Assignment =
A faithful, word-for-word copy of the records is required, and it must contain no pictures.

Data for analysis =
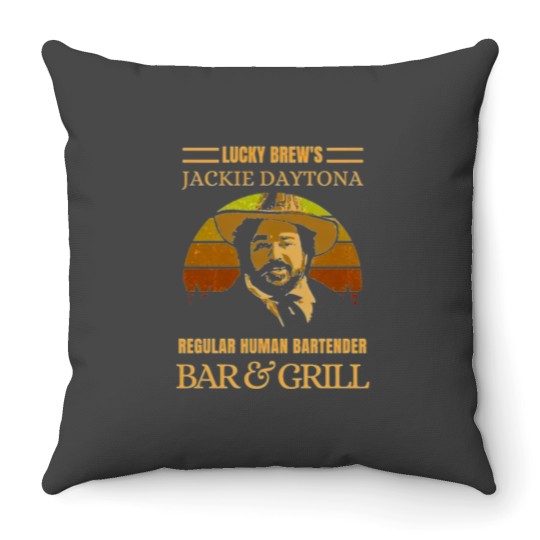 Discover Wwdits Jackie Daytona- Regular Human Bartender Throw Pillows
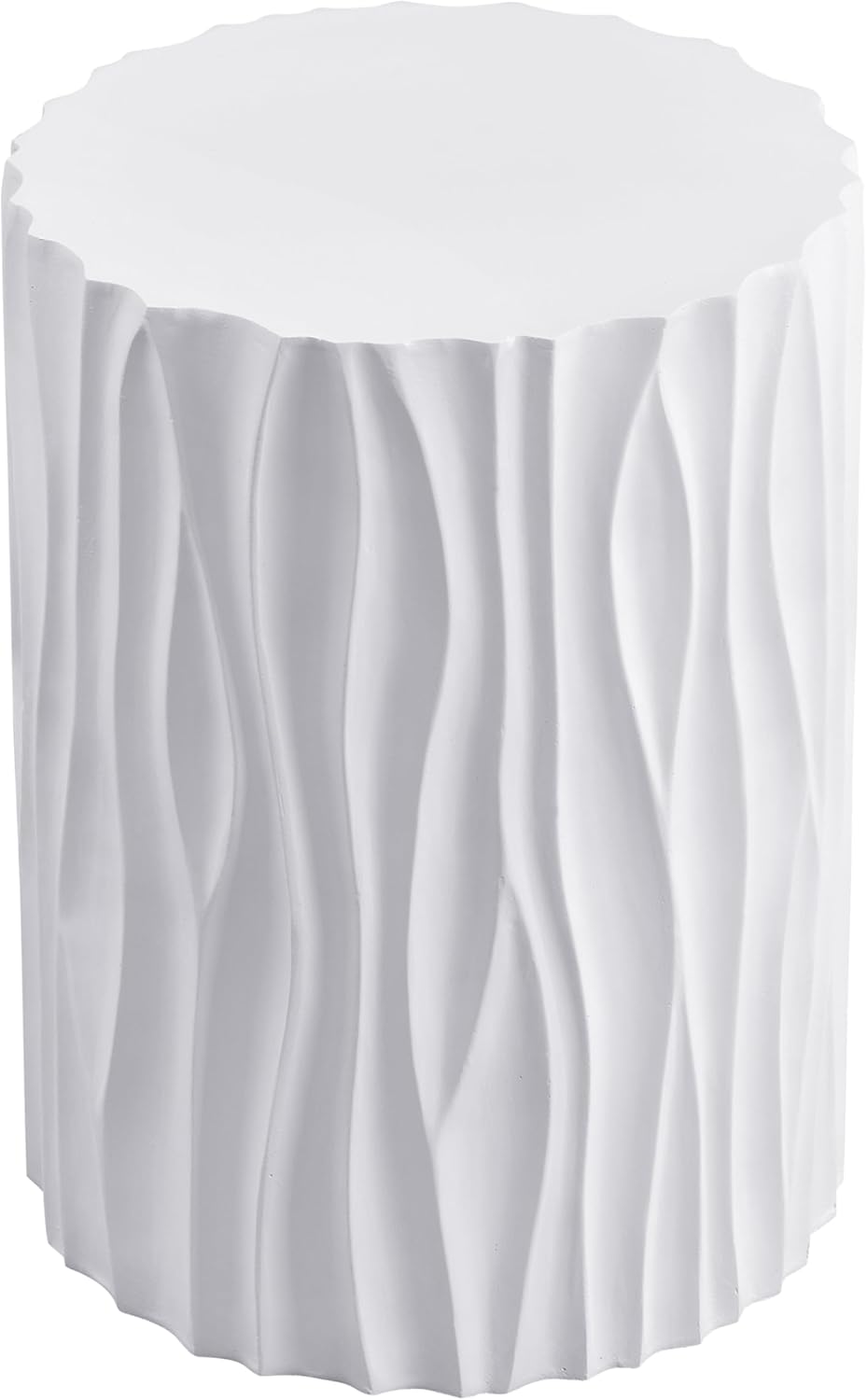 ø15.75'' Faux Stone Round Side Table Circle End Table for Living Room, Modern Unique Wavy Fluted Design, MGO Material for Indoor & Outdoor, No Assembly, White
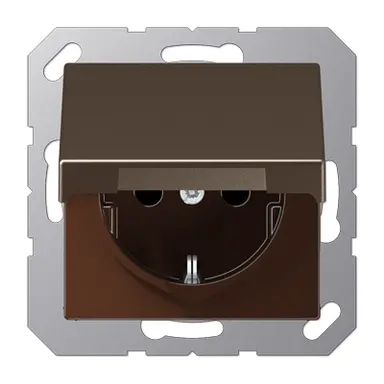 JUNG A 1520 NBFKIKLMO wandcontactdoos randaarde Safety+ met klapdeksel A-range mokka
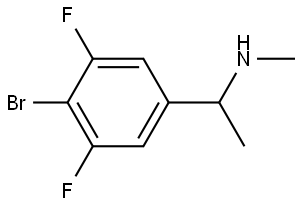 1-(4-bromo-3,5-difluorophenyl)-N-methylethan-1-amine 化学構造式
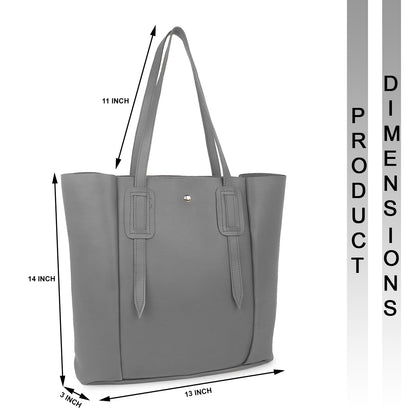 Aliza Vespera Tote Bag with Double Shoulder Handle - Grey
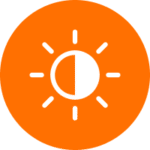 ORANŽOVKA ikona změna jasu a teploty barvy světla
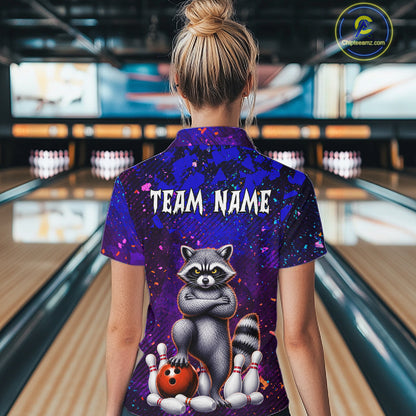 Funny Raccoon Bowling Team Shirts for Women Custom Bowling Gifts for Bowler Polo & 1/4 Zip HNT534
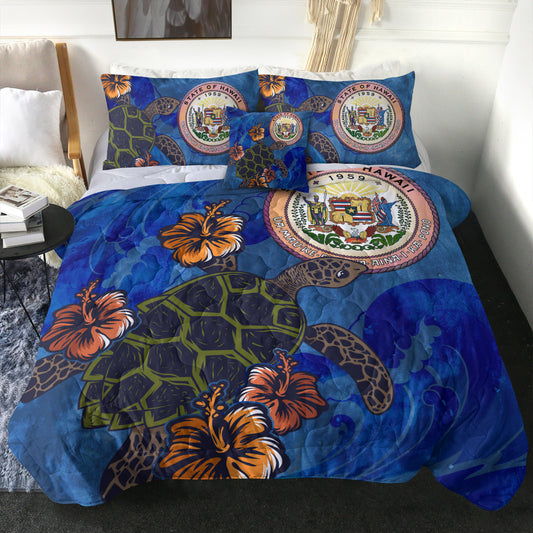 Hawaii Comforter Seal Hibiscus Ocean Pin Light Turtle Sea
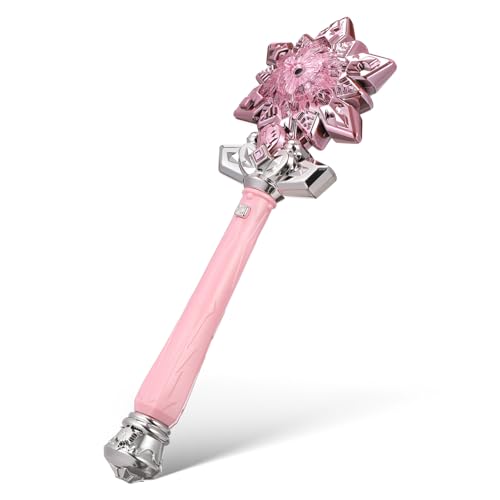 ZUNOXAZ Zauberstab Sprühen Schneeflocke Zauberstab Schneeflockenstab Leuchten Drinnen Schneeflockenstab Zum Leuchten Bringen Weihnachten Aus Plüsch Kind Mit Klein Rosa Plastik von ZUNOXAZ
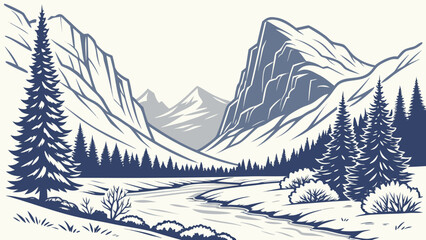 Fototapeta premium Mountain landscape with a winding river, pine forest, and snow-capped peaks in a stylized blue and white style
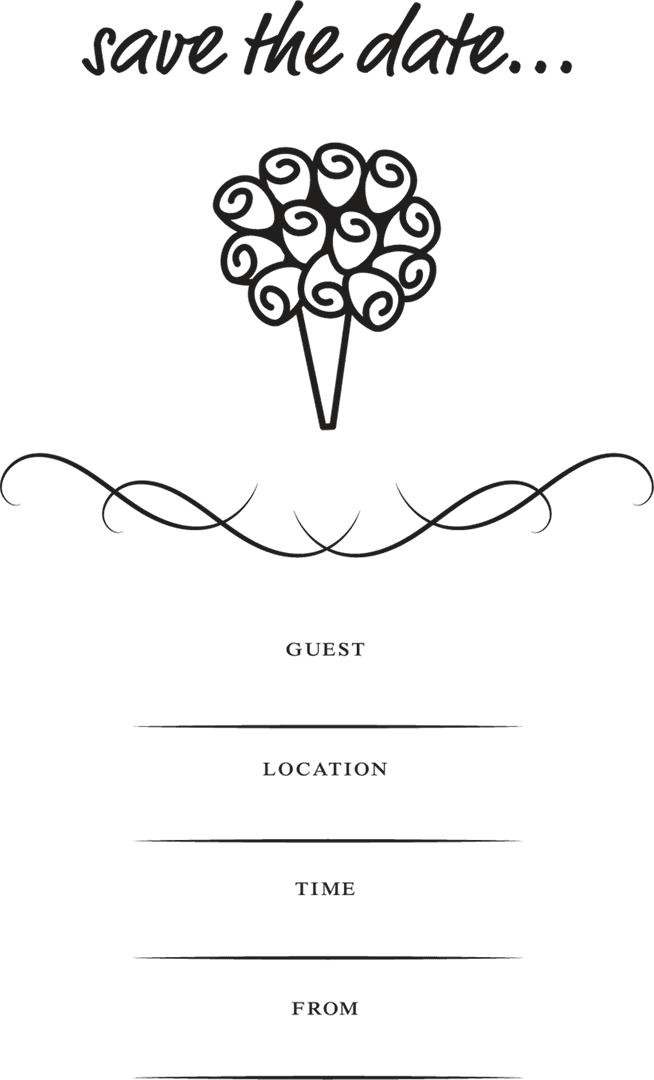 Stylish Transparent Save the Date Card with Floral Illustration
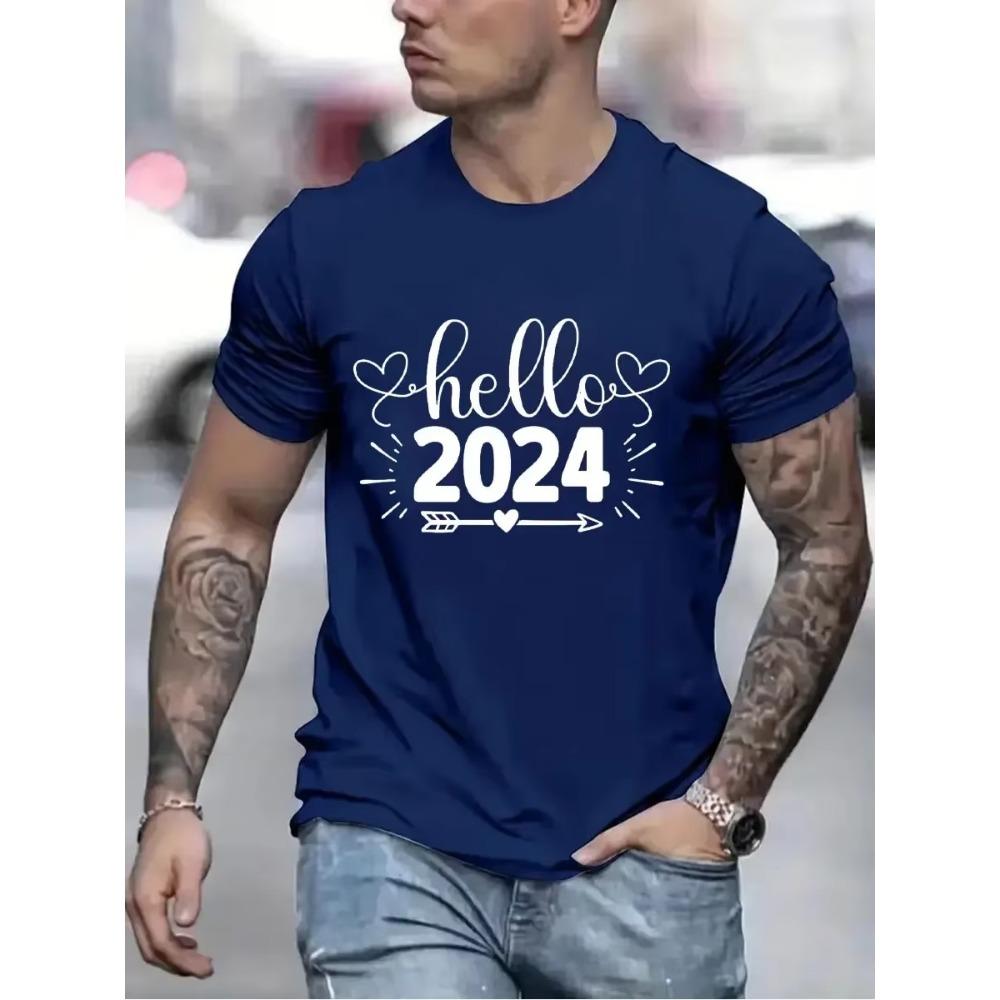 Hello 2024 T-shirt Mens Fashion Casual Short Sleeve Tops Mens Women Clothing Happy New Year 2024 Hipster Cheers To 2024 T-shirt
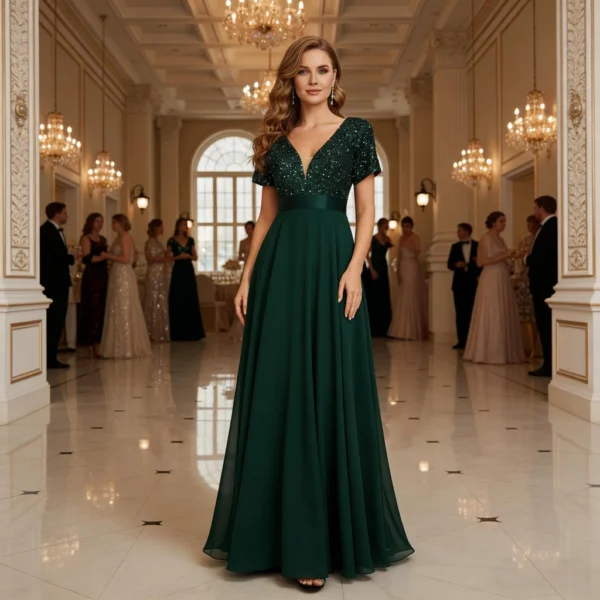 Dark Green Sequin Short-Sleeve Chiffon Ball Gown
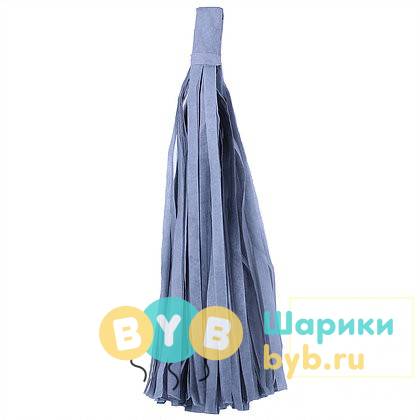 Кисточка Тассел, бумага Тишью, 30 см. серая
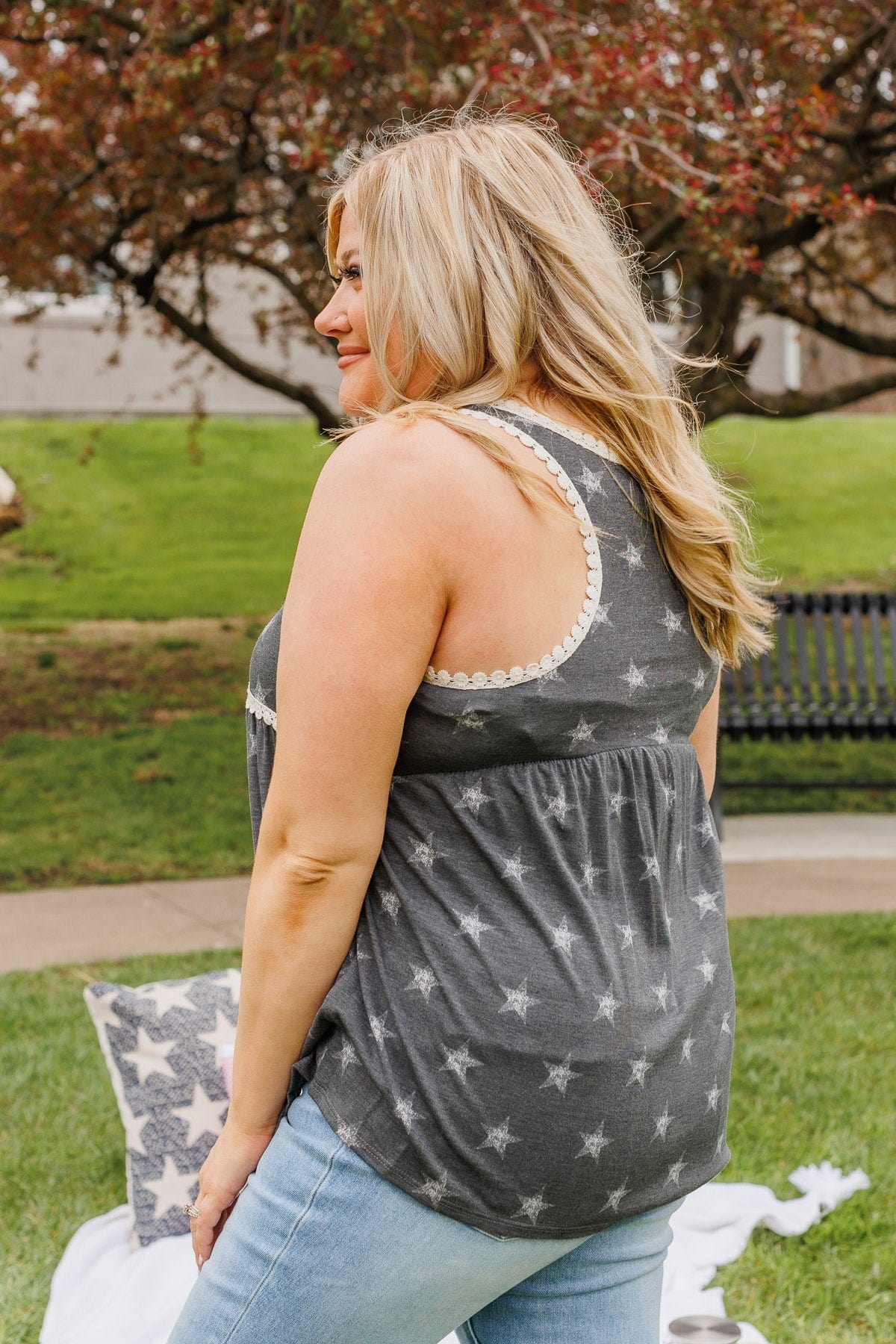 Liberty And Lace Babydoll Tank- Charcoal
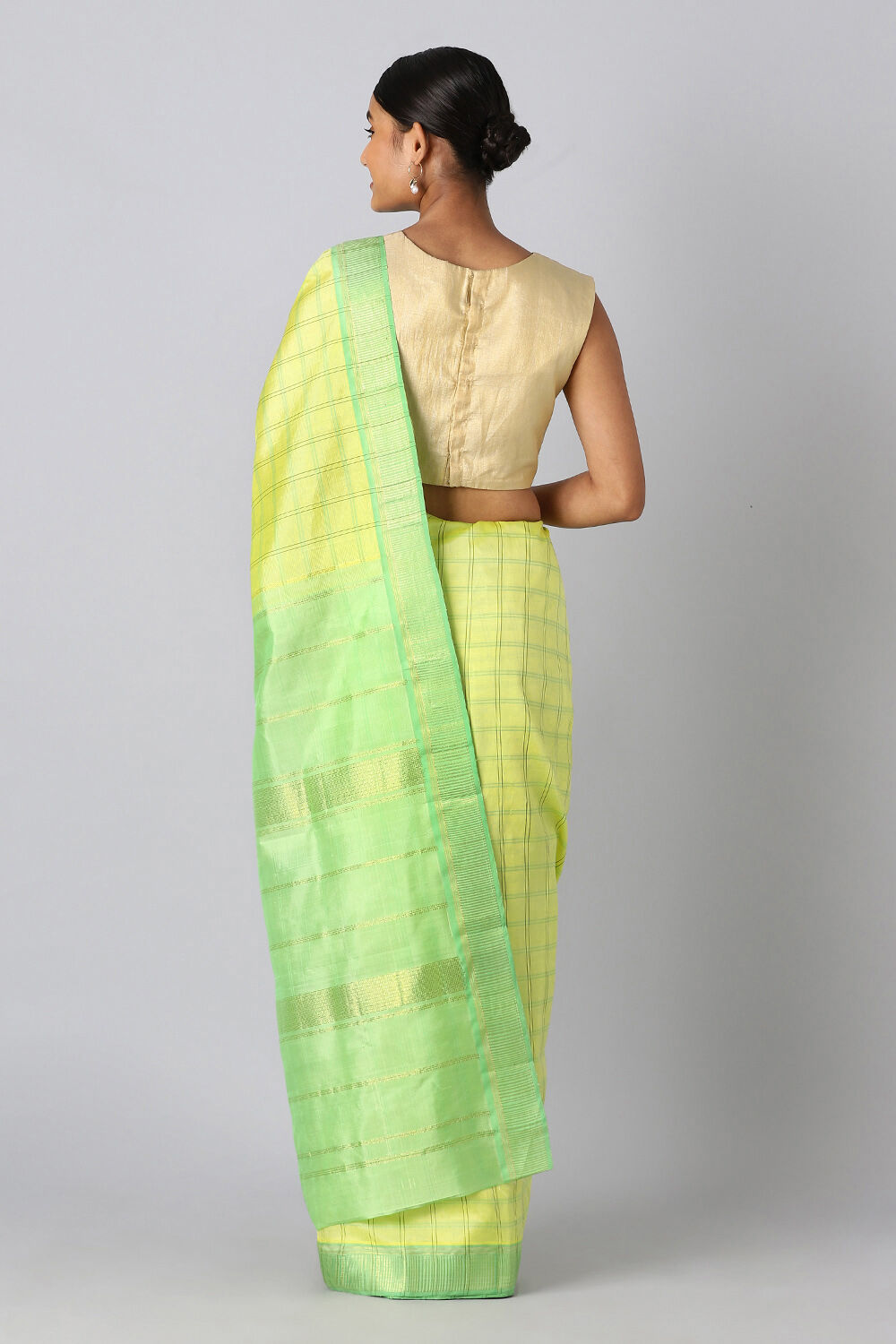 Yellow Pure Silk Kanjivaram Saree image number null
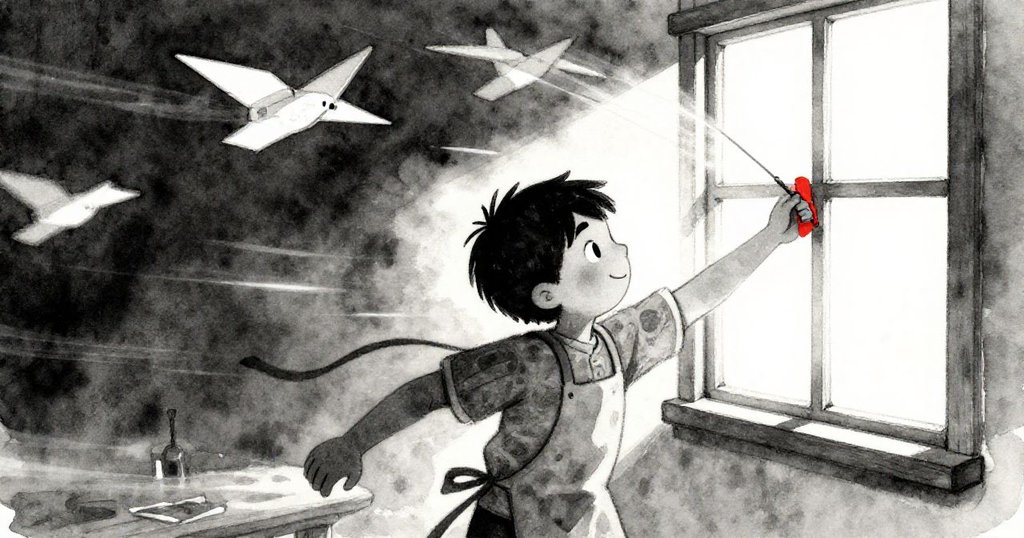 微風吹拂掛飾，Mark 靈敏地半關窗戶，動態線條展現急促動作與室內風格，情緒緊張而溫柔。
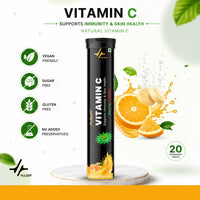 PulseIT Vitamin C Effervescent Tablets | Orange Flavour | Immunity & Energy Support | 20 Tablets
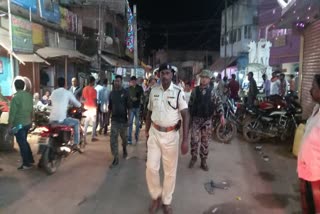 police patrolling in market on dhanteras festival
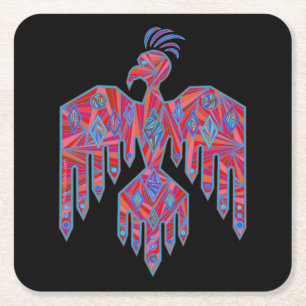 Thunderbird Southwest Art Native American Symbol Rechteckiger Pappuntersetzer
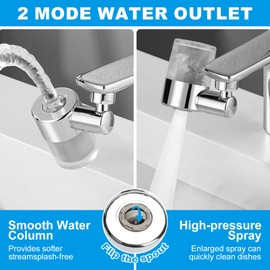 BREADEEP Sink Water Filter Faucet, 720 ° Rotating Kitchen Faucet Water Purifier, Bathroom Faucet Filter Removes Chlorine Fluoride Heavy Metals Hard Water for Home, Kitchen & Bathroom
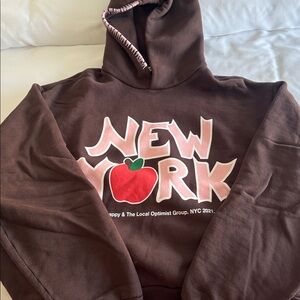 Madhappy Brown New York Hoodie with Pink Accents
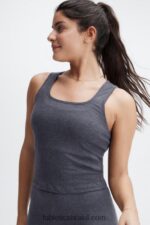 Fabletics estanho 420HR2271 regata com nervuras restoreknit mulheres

Output =
 Discover Wwdits Jackie Daytona- Regular Human Bartender Throw Pillows
 ø15.75'' Faux Stone Round Side Table Circle End Table for Living Room, Modern Unique Wavy Fluted Design, MGO Material for Indoor & Outdoor, No Assembly, White
 JUNG A 1520 NBFKIKLMO wandcontactdoos randaarde Safety+ met klapdeksel A-range mokka
 1-(4-bromo-3,5-difluorophenyl)-N-methylethan-1-amine 化学構造式
 Aliza Vespera Tote Bag with Double Shoulder Handle - Grey
 ORANŽOVKA ikona změna jasu a teploty barvy světla
 Funny Raccoon Bowling Team Shirts for Women Custom Bowling Gifts for Bowler Polo & 1/4 Zip HNT534
 Hawaii Comforter Seal Hibiscus Ocean Pin Light Turtle Sea
 ZUNOXAZ Zauberstab Sprühen Schneeflocke Zauberstab Schneeflockenstab Leuchten Drinnen Schneeflockenstab Zum Leuchten Bringen Weihnachten Aus Plüsch Kind Mit Klein Rosa Plastik von ZUNOXAZ
 Fototapeta premium Mountain landscape with a winding river, pine forest, and snow-capped peaks in a stylized blue and white style
 Stylish Transparent Save the Date Card with Floral Illustration
 Hello 2024 T-shirt Mens Fashion Casual Short Sleeve Tops Mens Women Clothing Happy New Year 2024 Hipster Cheers To 2024 T-shirt
 Dark Green Sequin Short-Sleeve Chiffon Ball Gown
 Кисточка Тассел, бумага Тишью, 30 см. серая
 Liberty And Lace Babydoll Tank- Charcoal
 Yellow Pure Silk Kanjivaram Saree image number null
 微風吹拂掛飾，Mark 靈敏地半關窗戶，動態線條展現急促動作與室內風格，情緒緊張而溫柔。
 PulseIT Vitamin C Effervescent Tablets | Orange Flavour | Immunity & Energy Support | 20 Tablets
 police patrolling in market on dhanteras festival
 Thunderbird Southwest Art Native American Symbol Rechteckiger Pappuntersetzer
 BREADEEP Sink Water Filter Faucet, 720 ° Rotating Kitchen Faucet Water Purifier, Bathroom Faucet Filter Removes Chlorine Fluoride Heavy Metals Hard Water for Home, Kitchen & Bathroom
 Madhappy Brown New York Hoodie with Pink Accents
 Fabletics estanho 420HR2271 regata com nervuras restoreknit mulheres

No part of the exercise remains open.